Under this line sits a listing. Repeat exactly and only its lines from the one holding "Corner sofa in" through the one holding "American Quarter Horse"; skip pictures.

Extracted entries:
↓↓↓
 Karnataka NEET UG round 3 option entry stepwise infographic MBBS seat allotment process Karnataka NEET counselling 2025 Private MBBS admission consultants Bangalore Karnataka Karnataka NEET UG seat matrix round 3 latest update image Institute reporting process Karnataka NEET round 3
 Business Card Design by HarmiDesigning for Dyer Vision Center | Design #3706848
↑↑↑
↓↓↓
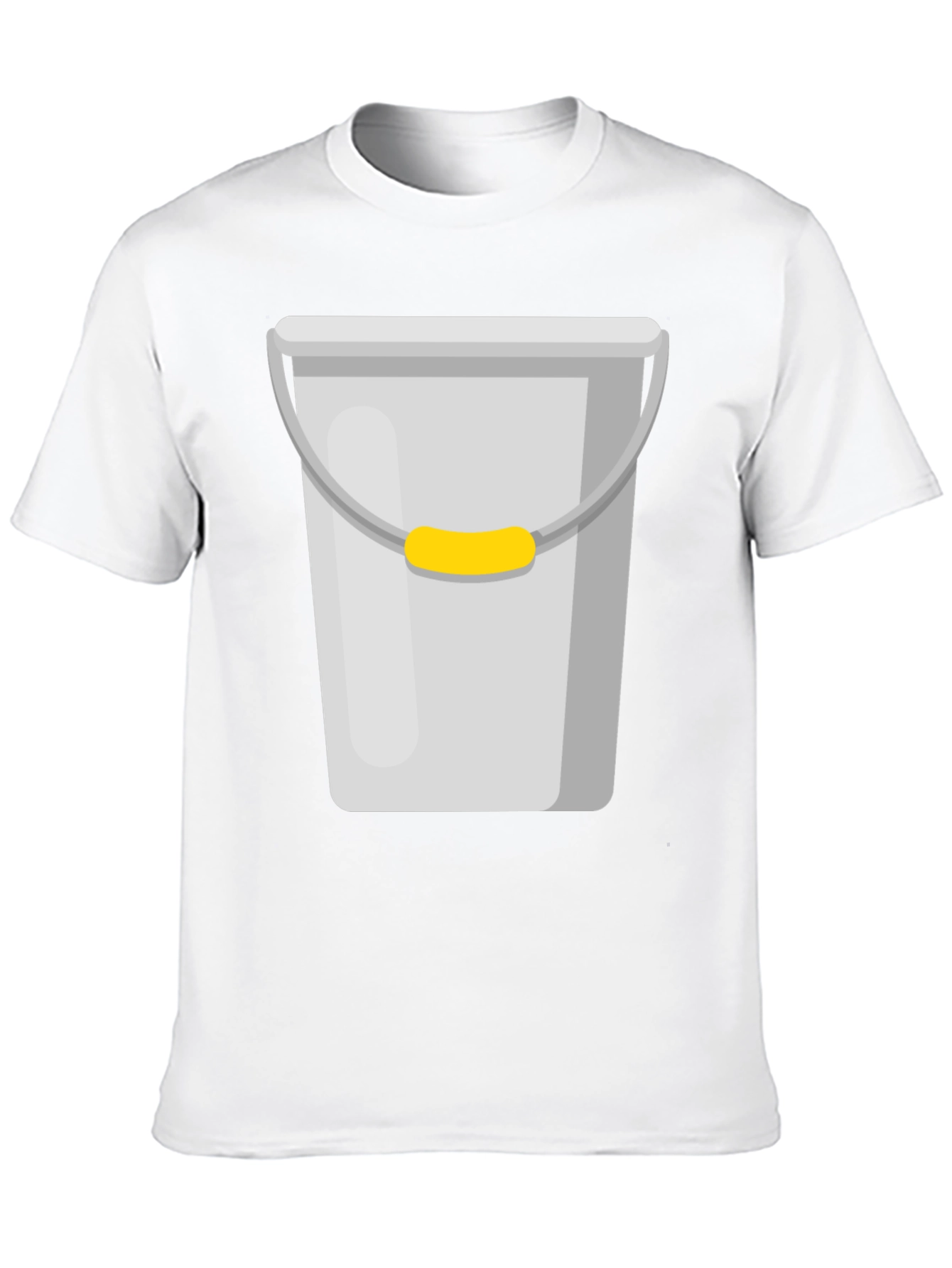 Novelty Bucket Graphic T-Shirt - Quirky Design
↑↑↑
↓↓↓
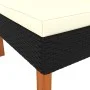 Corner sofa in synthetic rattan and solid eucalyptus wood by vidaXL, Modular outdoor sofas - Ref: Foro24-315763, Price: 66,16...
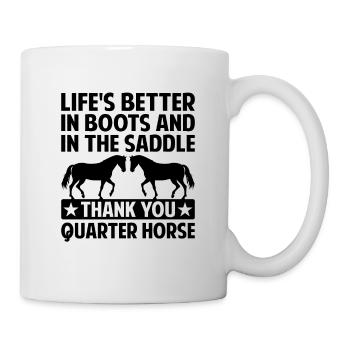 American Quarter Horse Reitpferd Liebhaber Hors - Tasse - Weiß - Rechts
↑↑↑
Answer for the task:
 Corner sofa in synthetic rattan and solid eucalyptus wood by vidaXL, Modular outdoor sofas - Ref: Foro24-315763, Price: 66,16...
 American Quarter Horse Reitpferd Liebhaber Hors - Tasse - Weiß - Rechts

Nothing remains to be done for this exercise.